CSA’s Securing Autonomous AI Agents guidance and prior research on the OpenClaw desktop-agent class establish the human-in-the-loop and capability-gating patterns that materially reduce post-compromise impact when an AI-IDE workstation is breached. STAR for AI provides an assessment framework through which organizations can evidence that the relevant developer-environment and agent-permission controls are present and operating.
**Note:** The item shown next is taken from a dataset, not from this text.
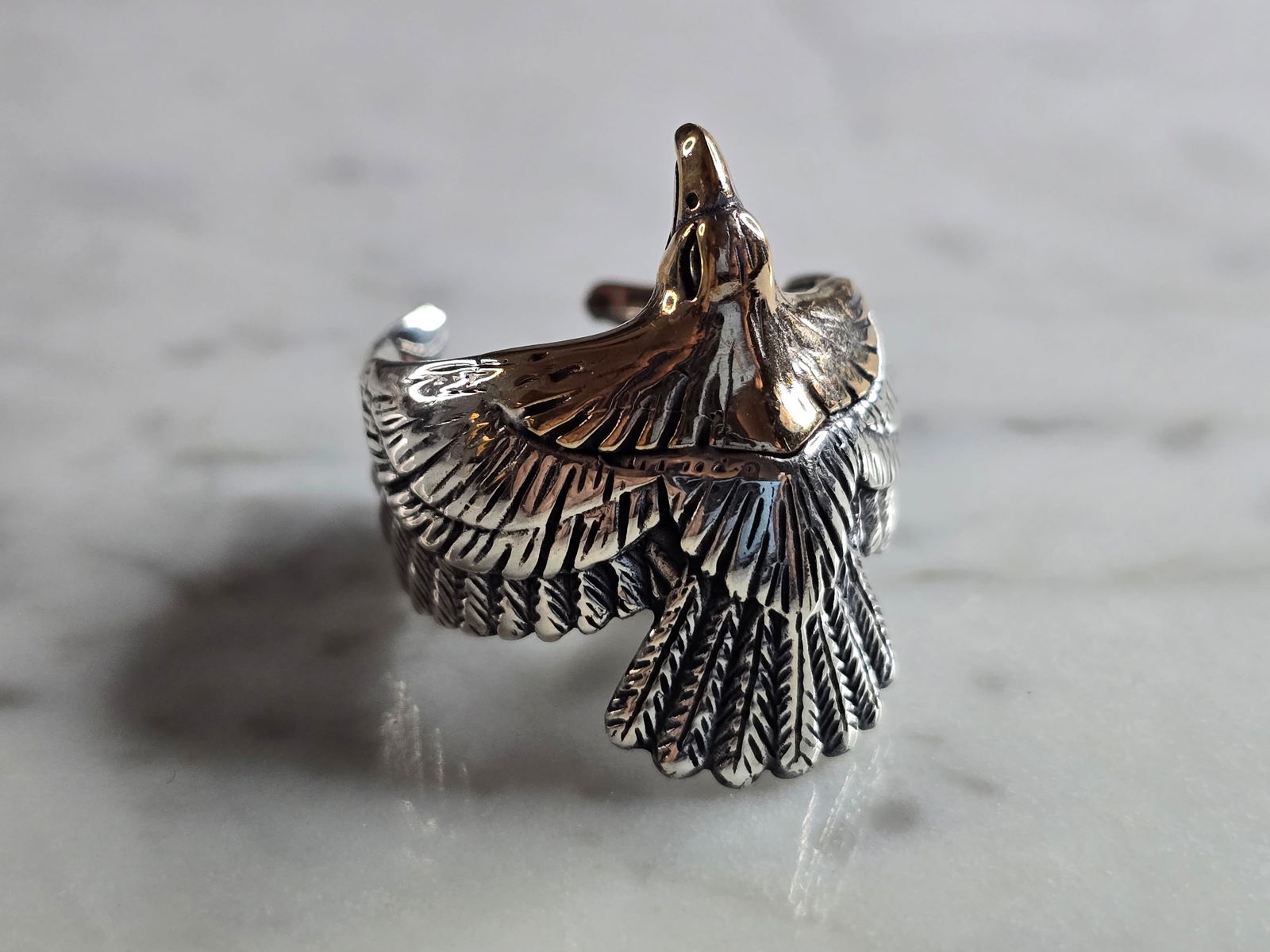 Mens Sterling Silver Two Tone Eagle Ring - 4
The CSA research notes on the prior GlassWorm waves — covering the original Unicode-variation-selector technique, the March 2026 transitive dependency abuse, and the April 2026 Zig-dropper variant — provide the longitudinal context against which the April 2026 sleeper wave should be read.
References
[1] Socket Research Team. “73 Open VSX Sleeper Extensions Linked to GlassWorm Show New Malware Activations.” Socket, April 25, 2026.
[2] The Hacker News. “Researchers Uncover 73 Fake VS Code Extensions Delivering GlassWorm v2 Malware.” The Hacker News, April 27, 2026.
[3] Bridgwater, Adrian. “Eclipse Foundation Offers Enterprise-Grade Open Source Alternative to Microsoft’s VS Code Marketplace.” The New Stack, April 21, 2026.
[4] The Register. “AWS Backs Open VSX as Rust Survey Shows VS Code Decline.” The Register, March 3, 2026.
[5] Cybersecurity News. “73 Open VSX Sleeper Extensions Linked to GlassWorm Activate New Malware Campaign.” Cybersecurity News, April 26, 2026.
[6] The Hacker News. “Eclipse Foundation Mandates Pre-Publish Security Checks for Open VSX Extensions.” The Hacker News, February 2026.
[7] Aikido Security. “GlassWorm Goes Native: New Zig Dropper Infects Every IDE on Your Machine.” Aikido, April 8, 2026.
[8] The Hacker News. “GlassWorm Malware Uses Solana Dead Drops to Deliver RAT and Steal Browser, Crypto Data.” The Hacker News, March 2026.
[9] Truesec. “GlassWorm: Self-Propagating VSCode Extension Worm.” Truesec, October 2025.
[10] Veracode. “GlassWorm: The First Self-Propagating VS Code Extension Worm.” Veracode, October 2025.
[11] Aikido Security. “GlassWorm Returns: Invisible Unicode Malware Found in 150+ GitHub Repositories.” Aikido, March 2026.
[12] The Hacker News. “VS Code Forks Recommend Missing Extensions, Creating Supply Chain Risk in Open VSX.” The Hacker News, January 2026.
[13] Google Developers Blog. “Build with Google Antigravity, Our New Agentic Development Platform.” Google, November 20, 2025.
[14] Cloud Security Alliance. “Agentic AI Threat Modeling Framework: MAESTRO.” Cloud Security Alliance AI Safety Initiative, February 6, 2025.
[15] Koi Security. “Live Updates: GlassWorm — First Self-Propagating Worm Using Invisible Code Hits Open VSX and VS Code Marketplaces.” Koi Security, October 2025.